Restate, word for word, the lines from the opening line of the data through the line containing "Photo of Midnight Blue Valentine", both included, and nothing else.

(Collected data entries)
===
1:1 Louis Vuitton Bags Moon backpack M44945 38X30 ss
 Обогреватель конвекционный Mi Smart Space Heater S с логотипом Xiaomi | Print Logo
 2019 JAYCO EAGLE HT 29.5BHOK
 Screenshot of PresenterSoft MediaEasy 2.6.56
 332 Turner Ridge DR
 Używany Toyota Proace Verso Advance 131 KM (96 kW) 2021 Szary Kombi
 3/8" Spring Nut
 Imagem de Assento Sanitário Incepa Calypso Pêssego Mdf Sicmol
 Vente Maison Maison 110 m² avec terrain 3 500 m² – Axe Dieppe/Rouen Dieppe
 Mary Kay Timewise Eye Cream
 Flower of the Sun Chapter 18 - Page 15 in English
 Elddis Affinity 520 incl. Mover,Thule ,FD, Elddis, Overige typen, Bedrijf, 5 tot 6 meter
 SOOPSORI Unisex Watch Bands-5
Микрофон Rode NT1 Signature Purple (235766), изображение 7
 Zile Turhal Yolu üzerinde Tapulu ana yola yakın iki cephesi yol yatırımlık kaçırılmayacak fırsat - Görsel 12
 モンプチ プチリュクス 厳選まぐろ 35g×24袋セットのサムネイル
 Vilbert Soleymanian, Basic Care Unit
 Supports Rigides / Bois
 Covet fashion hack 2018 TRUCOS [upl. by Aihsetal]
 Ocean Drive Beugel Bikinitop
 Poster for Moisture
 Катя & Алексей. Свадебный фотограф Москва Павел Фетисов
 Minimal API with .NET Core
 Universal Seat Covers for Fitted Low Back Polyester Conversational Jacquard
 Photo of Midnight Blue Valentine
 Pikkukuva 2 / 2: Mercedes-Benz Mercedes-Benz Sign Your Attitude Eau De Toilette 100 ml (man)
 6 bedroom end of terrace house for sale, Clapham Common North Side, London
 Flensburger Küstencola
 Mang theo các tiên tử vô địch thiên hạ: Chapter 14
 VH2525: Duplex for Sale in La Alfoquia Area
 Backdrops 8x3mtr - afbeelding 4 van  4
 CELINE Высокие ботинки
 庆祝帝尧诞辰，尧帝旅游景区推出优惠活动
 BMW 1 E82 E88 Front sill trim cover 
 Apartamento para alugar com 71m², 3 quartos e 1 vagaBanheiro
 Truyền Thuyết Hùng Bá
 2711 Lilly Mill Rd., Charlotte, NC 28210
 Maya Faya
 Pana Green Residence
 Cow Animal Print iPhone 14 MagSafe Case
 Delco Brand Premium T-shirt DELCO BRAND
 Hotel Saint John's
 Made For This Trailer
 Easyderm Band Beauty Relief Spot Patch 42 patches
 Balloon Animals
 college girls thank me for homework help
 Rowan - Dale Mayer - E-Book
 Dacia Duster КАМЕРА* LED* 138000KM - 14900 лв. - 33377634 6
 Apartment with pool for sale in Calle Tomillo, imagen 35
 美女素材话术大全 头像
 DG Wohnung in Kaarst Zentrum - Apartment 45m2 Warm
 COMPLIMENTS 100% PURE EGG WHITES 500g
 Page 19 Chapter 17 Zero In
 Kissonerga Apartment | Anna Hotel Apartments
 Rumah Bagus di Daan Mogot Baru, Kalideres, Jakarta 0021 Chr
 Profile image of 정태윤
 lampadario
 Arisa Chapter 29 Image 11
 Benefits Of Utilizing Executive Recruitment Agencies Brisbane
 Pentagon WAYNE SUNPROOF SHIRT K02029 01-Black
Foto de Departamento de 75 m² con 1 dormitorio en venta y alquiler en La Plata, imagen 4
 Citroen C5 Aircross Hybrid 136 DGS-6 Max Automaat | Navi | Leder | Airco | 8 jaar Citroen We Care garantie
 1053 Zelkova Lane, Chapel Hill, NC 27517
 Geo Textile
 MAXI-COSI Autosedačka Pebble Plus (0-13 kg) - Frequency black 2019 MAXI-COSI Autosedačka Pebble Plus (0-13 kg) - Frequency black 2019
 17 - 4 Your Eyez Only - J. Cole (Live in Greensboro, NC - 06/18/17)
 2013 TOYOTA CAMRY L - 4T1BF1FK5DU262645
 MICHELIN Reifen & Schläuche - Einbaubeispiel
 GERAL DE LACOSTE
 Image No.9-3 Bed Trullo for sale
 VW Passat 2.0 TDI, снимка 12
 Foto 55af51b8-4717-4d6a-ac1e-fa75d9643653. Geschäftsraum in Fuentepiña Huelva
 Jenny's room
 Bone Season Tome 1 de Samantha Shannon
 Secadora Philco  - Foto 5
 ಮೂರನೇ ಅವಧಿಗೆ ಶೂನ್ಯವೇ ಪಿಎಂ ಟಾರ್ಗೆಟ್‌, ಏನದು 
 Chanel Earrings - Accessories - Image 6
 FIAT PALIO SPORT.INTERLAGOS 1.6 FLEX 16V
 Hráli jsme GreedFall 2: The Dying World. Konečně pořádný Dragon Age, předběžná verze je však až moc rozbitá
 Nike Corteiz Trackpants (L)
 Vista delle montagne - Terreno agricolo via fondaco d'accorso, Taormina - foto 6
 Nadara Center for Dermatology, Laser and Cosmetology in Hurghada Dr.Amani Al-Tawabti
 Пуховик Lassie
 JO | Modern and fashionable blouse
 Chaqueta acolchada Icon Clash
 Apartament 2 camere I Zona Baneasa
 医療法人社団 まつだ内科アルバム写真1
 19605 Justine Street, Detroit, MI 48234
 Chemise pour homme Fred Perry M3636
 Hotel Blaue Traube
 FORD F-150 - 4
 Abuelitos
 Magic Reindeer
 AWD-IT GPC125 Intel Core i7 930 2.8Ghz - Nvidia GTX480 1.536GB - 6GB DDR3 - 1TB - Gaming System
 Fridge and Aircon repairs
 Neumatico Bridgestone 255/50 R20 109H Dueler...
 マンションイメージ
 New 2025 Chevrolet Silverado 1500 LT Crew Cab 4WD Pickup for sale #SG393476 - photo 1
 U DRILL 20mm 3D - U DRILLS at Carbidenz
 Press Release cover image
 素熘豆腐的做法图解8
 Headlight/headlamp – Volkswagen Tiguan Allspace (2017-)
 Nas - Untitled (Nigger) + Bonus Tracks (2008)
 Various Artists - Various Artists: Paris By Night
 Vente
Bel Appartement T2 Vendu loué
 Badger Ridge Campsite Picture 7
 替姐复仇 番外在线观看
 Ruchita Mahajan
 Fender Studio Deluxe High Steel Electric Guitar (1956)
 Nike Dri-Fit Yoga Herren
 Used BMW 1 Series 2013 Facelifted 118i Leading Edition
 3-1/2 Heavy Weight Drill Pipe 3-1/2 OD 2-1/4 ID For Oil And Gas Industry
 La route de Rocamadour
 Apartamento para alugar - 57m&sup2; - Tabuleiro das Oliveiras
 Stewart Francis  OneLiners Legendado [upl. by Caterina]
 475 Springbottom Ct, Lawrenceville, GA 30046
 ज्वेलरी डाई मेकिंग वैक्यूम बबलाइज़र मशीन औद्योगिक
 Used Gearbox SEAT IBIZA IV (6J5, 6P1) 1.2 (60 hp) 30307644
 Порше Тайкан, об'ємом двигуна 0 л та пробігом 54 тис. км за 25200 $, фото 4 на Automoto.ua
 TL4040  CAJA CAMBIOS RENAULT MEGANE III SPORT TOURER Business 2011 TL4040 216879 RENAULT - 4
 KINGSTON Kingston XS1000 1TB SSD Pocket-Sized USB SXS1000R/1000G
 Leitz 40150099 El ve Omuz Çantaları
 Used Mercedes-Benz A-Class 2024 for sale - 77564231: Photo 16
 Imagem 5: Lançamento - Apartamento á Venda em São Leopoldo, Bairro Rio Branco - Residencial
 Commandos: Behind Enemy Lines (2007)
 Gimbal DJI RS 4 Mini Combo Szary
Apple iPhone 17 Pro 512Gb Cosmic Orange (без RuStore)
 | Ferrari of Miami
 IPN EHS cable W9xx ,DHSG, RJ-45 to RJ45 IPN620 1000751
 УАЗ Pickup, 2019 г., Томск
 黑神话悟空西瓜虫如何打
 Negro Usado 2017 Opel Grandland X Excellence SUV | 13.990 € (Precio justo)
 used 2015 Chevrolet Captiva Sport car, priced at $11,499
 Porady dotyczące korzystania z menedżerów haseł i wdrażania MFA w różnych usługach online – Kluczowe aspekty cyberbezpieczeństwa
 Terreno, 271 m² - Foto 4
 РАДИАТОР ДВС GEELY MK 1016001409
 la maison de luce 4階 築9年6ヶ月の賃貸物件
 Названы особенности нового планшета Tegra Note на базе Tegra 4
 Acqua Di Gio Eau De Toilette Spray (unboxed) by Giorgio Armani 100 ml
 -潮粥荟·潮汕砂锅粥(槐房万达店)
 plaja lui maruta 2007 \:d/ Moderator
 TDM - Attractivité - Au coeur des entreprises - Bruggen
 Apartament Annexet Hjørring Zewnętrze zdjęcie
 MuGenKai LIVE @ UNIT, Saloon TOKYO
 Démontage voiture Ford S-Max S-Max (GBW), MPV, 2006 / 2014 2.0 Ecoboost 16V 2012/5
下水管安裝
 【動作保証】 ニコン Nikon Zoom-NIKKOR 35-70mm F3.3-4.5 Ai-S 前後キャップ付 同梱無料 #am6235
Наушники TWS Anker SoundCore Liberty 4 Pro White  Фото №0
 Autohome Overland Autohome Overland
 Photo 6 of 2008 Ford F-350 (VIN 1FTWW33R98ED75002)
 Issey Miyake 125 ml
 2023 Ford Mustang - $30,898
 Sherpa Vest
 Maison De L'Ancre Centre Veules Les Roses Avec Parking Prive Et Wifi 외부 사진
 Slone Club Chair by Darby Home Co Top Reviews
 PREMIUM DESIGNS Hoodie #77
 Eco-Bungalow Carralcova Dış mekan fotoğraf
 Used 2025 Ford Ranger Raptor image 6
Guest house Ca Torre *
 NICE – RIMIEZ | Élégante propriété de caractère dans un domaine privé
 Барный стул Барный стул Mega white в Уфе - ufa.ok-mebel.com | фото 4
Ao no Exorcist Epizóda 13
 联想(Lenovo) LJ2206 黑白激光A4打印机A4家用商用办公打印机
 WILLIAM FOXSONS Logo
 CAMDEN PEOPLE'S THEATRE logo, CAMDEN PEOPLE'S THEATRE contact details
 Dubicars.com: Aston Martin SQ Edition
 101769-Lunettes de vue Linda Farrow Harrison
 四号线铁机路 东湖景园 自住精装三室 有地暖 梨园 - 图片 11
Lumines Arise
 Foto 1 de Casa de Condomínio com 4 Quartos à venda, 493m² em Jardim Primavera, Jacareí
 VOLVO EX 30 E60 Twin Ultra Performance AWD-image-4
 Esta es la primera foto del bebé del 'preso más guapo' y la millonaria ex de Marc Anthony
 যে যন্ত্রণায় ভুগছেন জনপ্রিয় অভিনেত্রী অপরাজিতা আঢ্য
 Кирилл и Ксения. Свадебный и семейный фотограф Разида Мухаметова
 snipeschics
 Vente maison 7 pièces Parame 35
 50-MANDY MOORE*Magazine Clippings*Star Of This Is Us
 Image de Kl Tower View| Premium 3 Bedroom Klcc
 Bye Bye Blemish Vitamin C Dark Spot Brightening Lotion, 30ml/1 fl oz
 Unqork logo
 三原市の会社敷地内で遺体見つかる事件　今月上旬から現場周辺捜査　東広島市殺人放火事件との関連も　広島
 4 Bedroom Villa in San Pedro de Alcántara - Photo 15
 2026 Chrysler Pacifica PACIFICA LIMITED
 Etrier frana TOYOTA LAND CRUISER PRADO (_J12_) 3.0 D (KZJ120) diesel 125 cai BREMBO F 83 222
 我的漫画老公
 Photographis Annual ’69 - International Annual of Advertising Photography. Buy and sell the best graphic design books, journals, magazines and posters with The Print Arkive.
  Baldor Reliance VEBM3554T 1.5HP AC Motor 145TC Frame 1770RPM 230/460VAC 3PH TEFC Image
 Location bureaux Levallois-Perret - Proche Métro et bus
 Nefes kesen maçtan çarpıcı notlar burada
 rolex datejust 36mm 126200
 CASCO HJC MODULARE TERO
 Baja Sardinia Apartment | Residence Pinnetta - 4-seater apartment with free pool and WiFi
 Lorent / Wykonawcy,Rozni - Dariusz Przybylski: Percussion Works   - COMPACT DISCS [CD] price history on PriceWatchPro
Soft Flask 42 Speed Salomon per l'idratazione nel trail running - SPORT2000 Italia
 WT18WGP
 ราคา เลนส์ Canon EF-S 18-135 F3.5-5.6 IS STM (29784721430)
===
## Answer space
1:1 Louis Vuitton Bags Moon backpack M44945 38X30 ss
 Обогреватель конвекционный Mi Smart Space Heater S с логотипом Xiaomi | Print Logo
 2019 JAYCO EAGLE HT 29.5BHOK
 Screenshot of PresenterSoft MediaEasy 2.6.56
 332 Turner Ridge DR
 Używany Toyota Proace Verso Advance 131 KM (96 kW) 2021 Szary Kombi
 3/8" Spring Nut
 Imagem de Assento Sanitário Incepa Calypso Pêssego Mdf Sicmol
 Vente Maison Maison 110 m² avec terrain 3 500 m² – Axe Dieppe/Rouen Dieppe
 Mary Kay Timewise Eye Cream
 Flower of the Sun Chapter 18 - Page 15 in English
 Elddis Affinity 520 incl. Mover,Thule ,FD, Elddis, Overige typen, Bedrijf, 5 tot 6 meter
 SOOPSORI Unisex Watch Bands-5
Микрофон Rode NT1 Signature Purple (235766), изображение 7
 Zile Turhal Yolu üzerinde Tapulu ana yola yakın iki cephesi yol yatırımlık kaçırılmayacak fırsat - Görsel 12
 モンプチ プチリュクス 厳選まぐろ 35g×24袋セットのサムネイル
 Vilbert Soleymanian, Basic Care Unit
 Supports Rigides / Bois
 Covet fashion hack 2018 TRUCOS [upl. by Aihsetal]
 Ocean Drive Beugel Bikinitop
 Poster for Moisture
 Катя & Алексей. Свадебный фотограф Москва Павел Фетисов
 Minimal API with .NET Core
 Universal Seat Covers for Fitted Low Back Polyester Conversational Jacquard
 Photo of Midnight Blue Valentine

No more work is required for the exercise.